São praticamente 40 minutos de imersão que FKA Twigs nos oferece e tudo começa com Thousand Eyes. Não há espaço para baladas – como seria de esperar –, mas pianos transformados, repetidos e dolorosos com uma voz elástica e de fazer arrepiar a espinha. É a forma mais crua que alguém pode assumir num disco que explora a dor, uma relação acabada e uma vida de pernas para o ar. Depois de sermos consumidos pelo tema inicial, chegamos a Home With You. Foi este o single que lançou o mote do disco e é uma das faixas mais fortes. Sentimos a música como estranhamente pessoal para nós mesmos, porque o que ali é descrito é ser humano. Estar lá para alguém sem deixarmos de estar para nós também. Home With You é o build-up mais poderoso do disco todo que acaba demasiado cedo.

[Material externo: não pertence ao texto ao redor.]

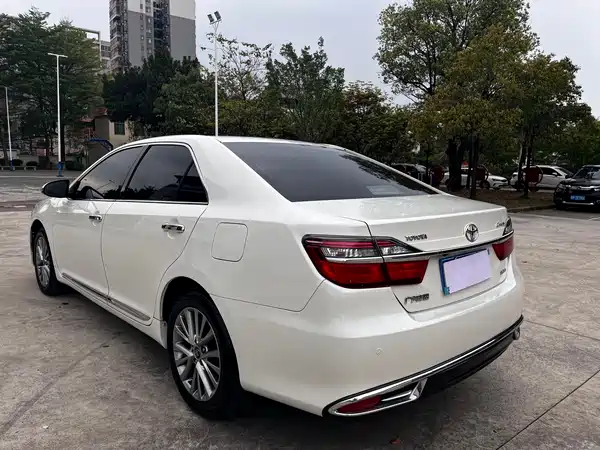 Toyota Camry 2017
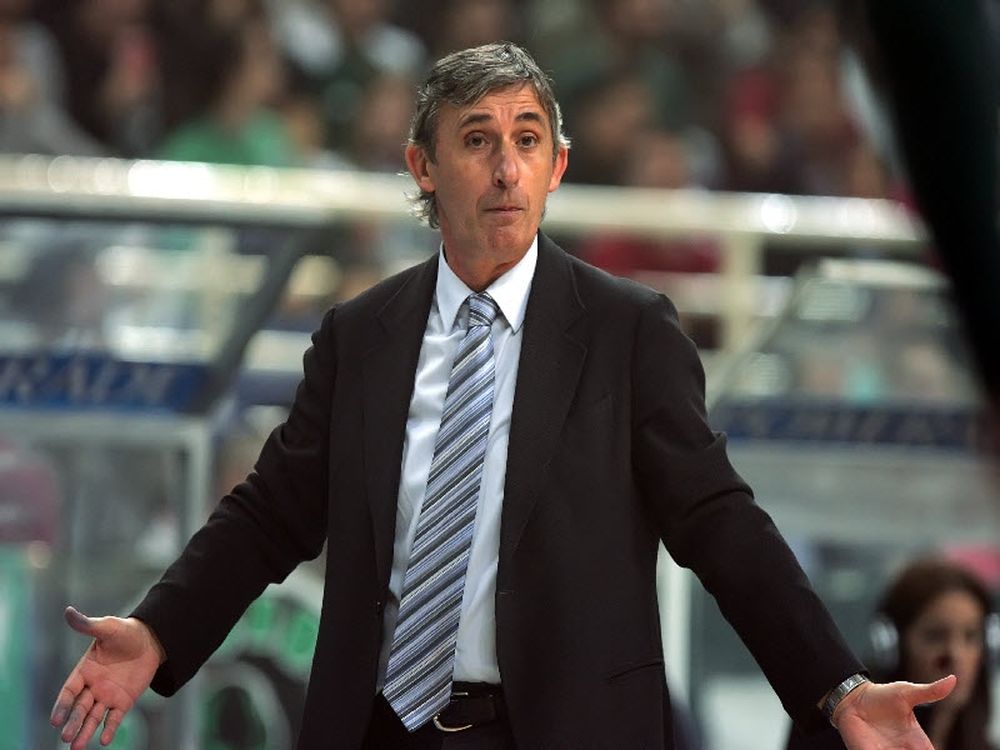 Τρεις υποψήφιοι…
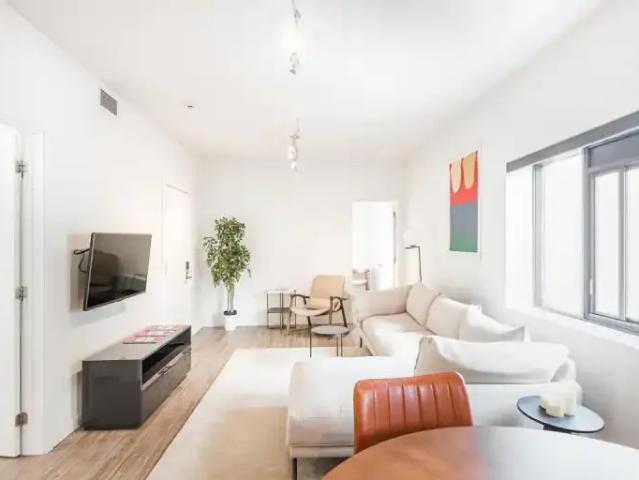 Apartment for rent in St. Leonard's, Quebec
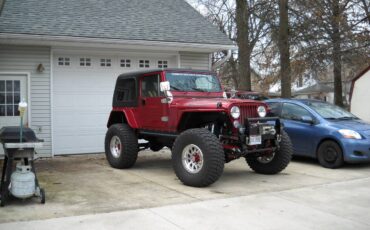 Jeep-Cj-7-1983-red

A dor deste álbum vai em diferentes direções, desde a crueza do início do disco à severidade de Sad Day. Também a britânica lançou o desafio a Future (e à produção de Skrillex) em Holy Terrain. Ainda que a música saia dos moldes de Magdalene musicalmente, continua a ser possuída por ela através da voz. Ela está pronta para a coragem de alguém que consiga pisar o seu “terreno sagrado”, que ainda está ferido.
Mary Magdalene dá o nome ao disco e a um dos temas de empoderamento puro e duro. A confiança abalada de uma mulher começa a definhar aqui quando ela olha para um role model como Maria Madalena. A ligação parece estranha inicialmente, mas a história de sacrifício dessa figura tem muito a explorar em termos de feminilidade. Já Fallen Alien é disruptiva e muda completamente o rumo do disco, sem se encaixar bem no resto. Não há mais a acrobacia da voz de FKA Twigs no conto emotivo que tem estado a contar e parece que as suas fraquezas estão escondidas.

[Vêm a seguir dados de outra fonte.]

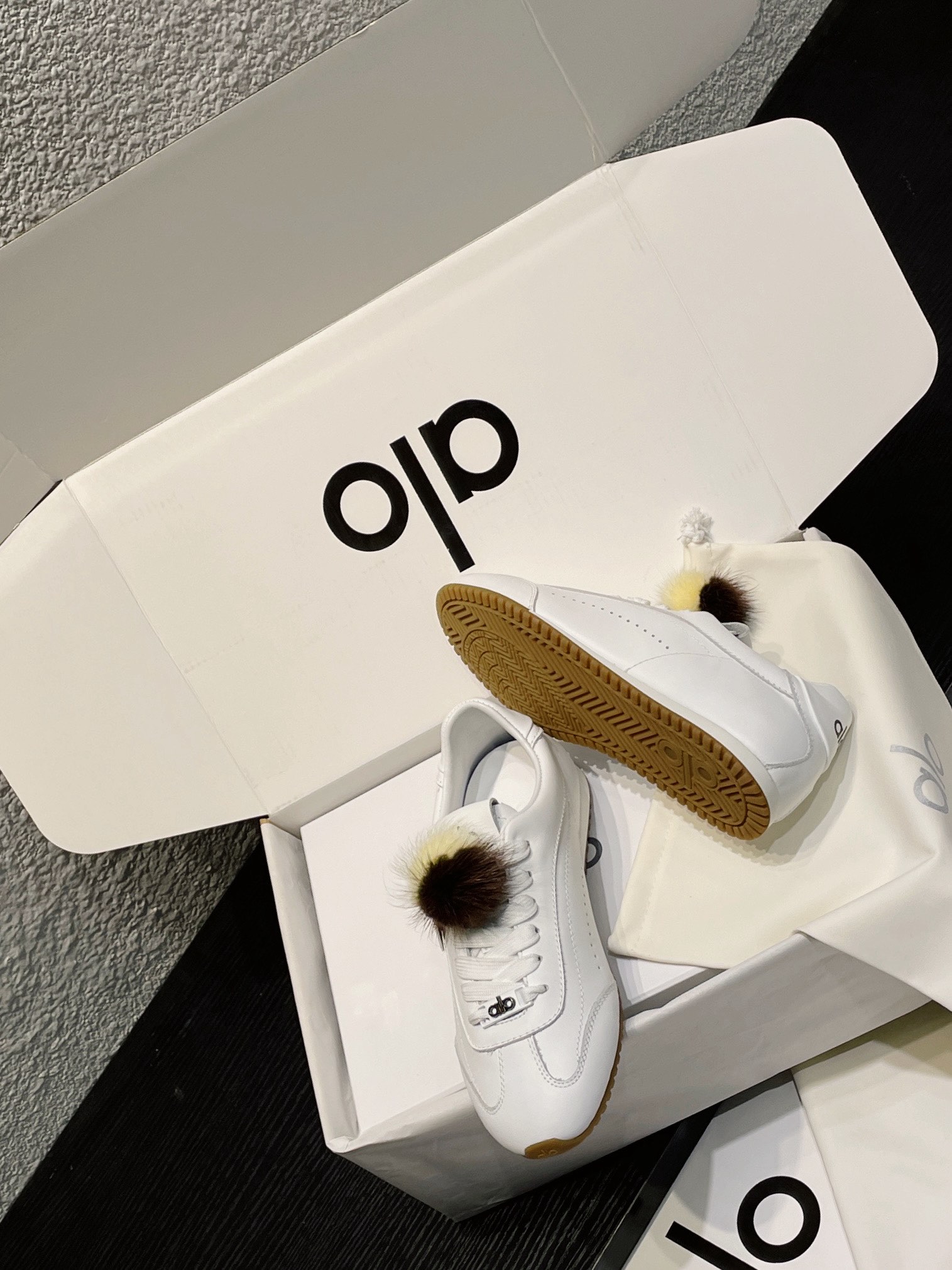 ALO Yoga Women's White Leather Trainers with Fur Pom-Pom Charm Sneakers 7 a1757804800109 8841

Mirrored Heart volta a aquecer o álbum numa espécie de balada de sintetizadores estilo “final de episódio de Twin Peaks”. Explora-se bem o facto de FKA Twigs não perceber como é que uma conexão forte entre duas pessoas fá-las solitárias e faz uma relação cair repentinamente por terra. Daybed soa a um final de ressurreição de FKA Twigs enquanto artista e mulher. A vulnerabilidade de ser mulher está aqui exposta sem qualquer medo de ser abalada.
Quando menos se espera, ainda há Cellophane em jeito de fecho. A forma como uma artista não tem medo de mostrar o que sente sem rodeios, sem metáforas e com uma crueza invejável, faz de FKA Twigs mais humana do que extraterrestre. Magdalene mostra-nos que a tragédia também é bonita de se ouvir.